Making sure your basic needs are met

The only reason you ever use food to cope, no exceptions, is because you have needs (See Abraham Maslow’s Hierarchy of Basic Needs Chart on the left) that aren’t being met in some area of your life and you’ve told yourself that you’re not allowed, not deserving, or just not capable of getting them met, no matter what you do. These stories you’re telling yourself lead you to feel depressed and anxious, lethargic and frantic, in other words, they overwhelm you.
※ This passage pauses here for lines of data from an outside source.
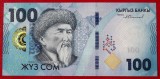 Kyrgyzstan 100 Som 2023 UNC necirculata **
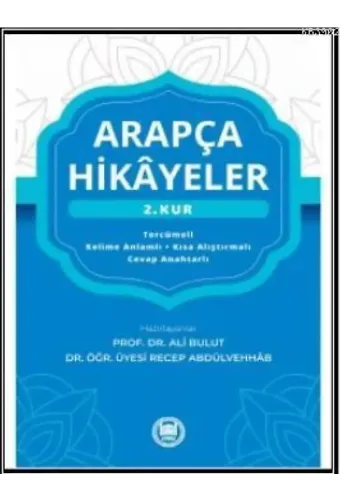 Arapça Hikayeler 2. (Kur)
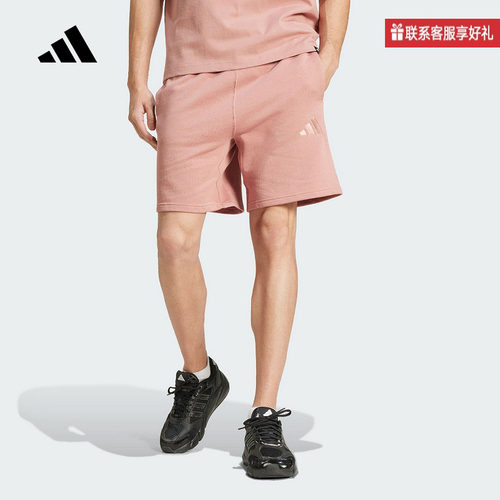 adidas阿迪达斯官方运动2025夏男针织短裤 JC5368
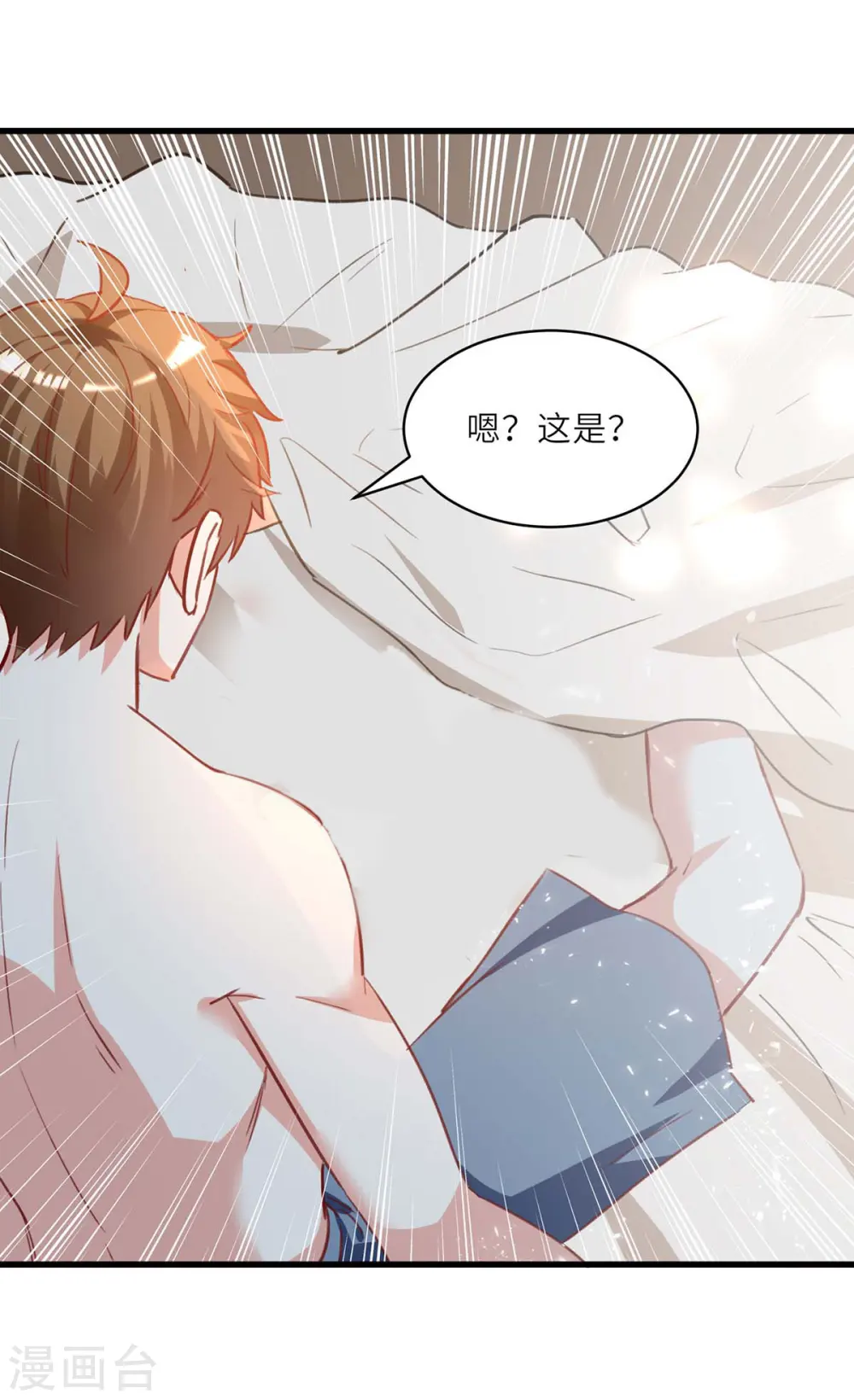 第217话 春梦了无痕 第9页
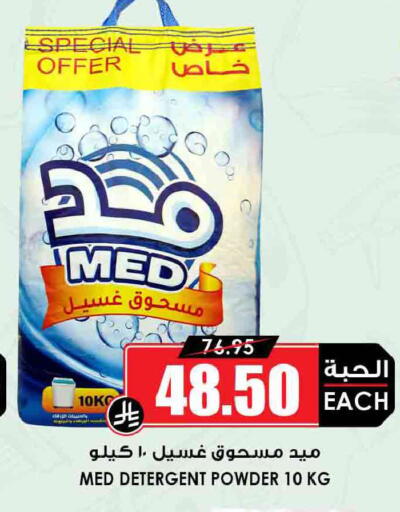 available at Prime Supermarket in KSA, Saudi Arabia, Saudi - Najran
And when you’re feeling overwhelmed about something you believe you can’t do anything to change or resolve, the only thing to do is to find a way to diminish or discount the impact of that thing: to numb out.

 

In comes your primary coping strategy.

Is it binging?

  • Is it restricting calories, certain kinds of foods, or times of eating regardless of whether you’re hungry or not?
  • Is it purging (through an hour or two of exercise, through laxatives, or vomiting)?
  • Is it an attachment to a certain weight or way of looking?
  • Is it drinking?
  • What about drugs; shopping; gambling; the pursuit of that perfect relationship?
  • Do you take responsibility for what others feel, or what others need?
  • Do you procrastinate to cope with overwhelming things?
  • Do you isolate yourself?
  • Do you avoid certain people or places?
  • Do you resist downtime?
  • Do you resist going to bed at a reasonable hour?
  • Are you a clean freak? Or just the opposite?